- _WORK ORDER_:
Only these lines of the data below are wanted: the one with "PLACA MSI RTX", the one with "A/W 2003 Dolce", and any lines between them, each repeated exactly.

- _EXERCISE DATA_:
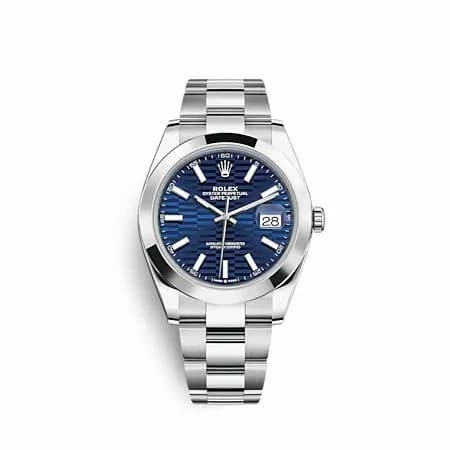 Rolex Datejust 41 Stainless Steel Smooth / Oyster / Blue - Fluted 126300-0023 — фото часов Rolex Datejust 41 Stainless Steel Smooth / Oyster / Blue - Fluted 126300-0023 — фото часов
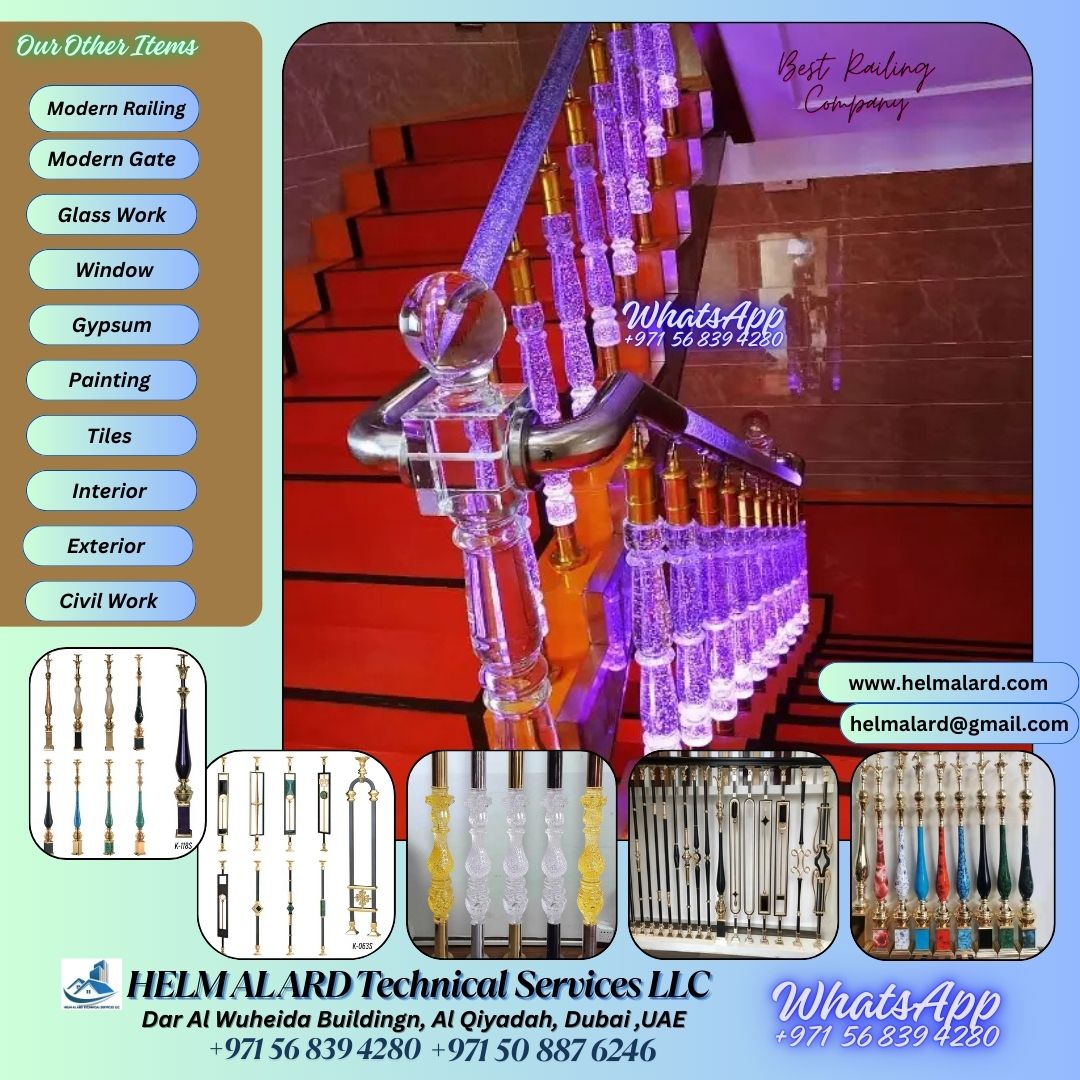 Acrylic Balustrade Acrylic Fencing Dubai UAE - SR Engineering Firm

==

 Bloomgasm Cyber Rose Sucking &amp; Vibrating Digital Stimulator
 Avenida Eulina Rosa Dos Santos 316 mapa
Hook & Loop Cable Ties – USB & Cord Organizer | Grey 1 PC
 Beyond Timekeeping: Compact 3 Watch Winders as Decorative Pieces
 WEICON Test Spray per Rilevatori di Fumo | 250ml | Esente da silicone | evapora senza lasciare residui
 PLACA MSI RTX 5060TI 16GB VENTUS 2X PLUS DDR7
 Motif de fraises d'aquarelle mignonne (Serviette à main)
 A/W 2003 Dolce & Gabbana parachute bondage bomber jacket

- _TASK SOLUTION_:
 PLACA MSI RTX 5060TI 16GB VENTUS 2X PLUS DDR7
 Motif de fraises d'aquarelle mignonne (Serviette à main)
 A/W 2003 Dolce & Gabbana parachute bondage bomber jacket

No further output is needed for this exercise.